Data block
+-------+

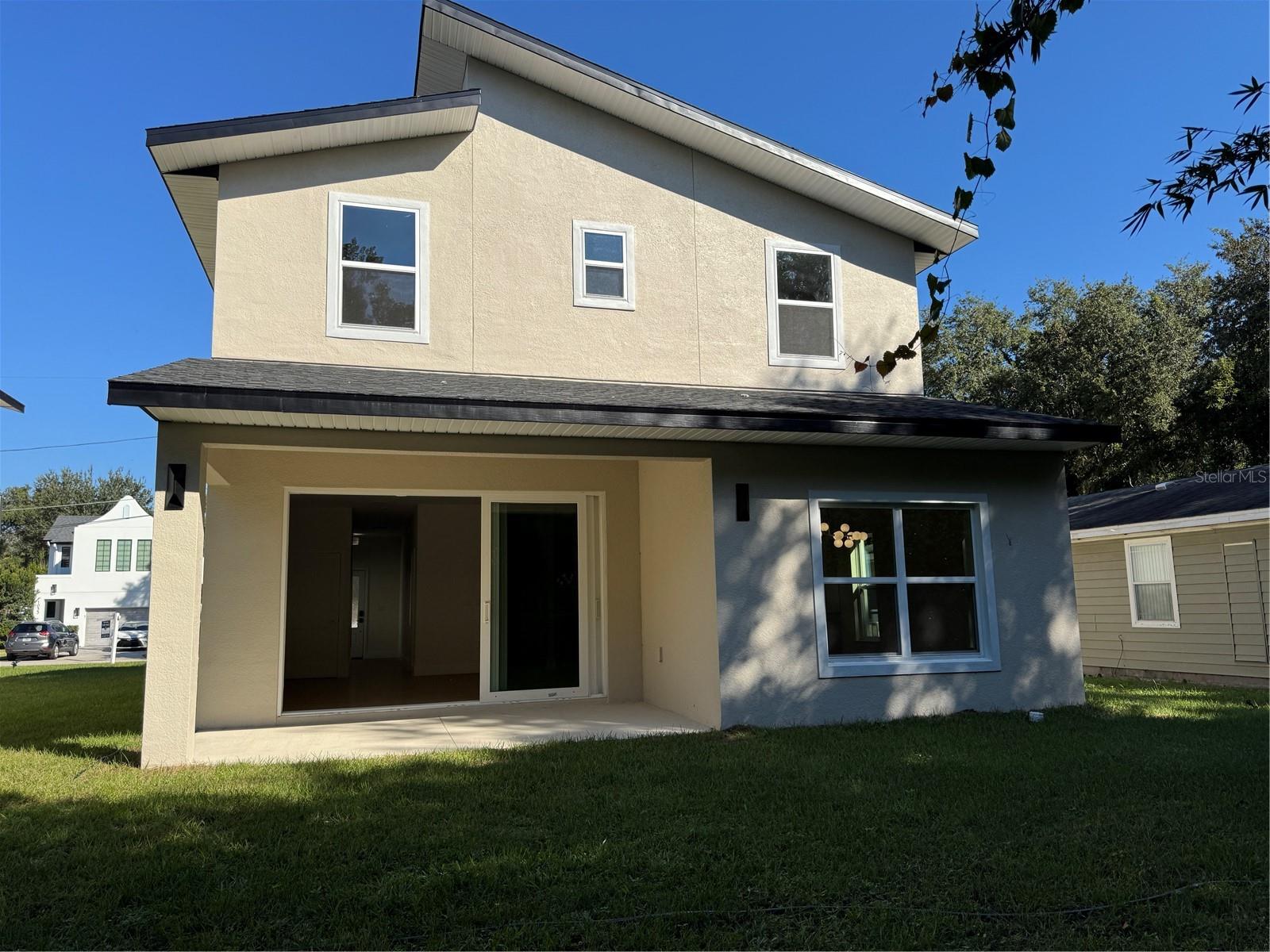 JOHNS SUB - Residential Lease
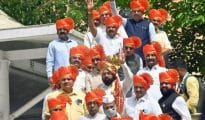 Team Shinde seeks suspension of 16 Sena MLAs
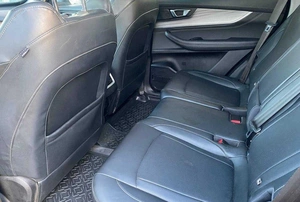 Внедорожник Chery Tiggo 8 Pro Max 2022 года, 1974000 рублей, Солонцы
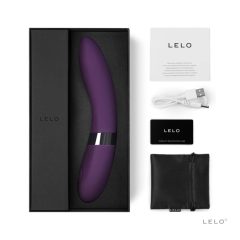 LELO Elise 2-Deluxe-Vibrator (lila)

+-------+

What needs to be done
Reproduce the lines from the one with "Внедорожник Chery Tiggo" through the end of the data, keeping both end lines, adding nothing, and dropping any pictures.

Written response
 Внедорожник Chery Tiggo 8 Pro Max 2022 года, 1974000 рублей, Солонцы
 LELO Elise 2-Deluxe-Vibrator (lila)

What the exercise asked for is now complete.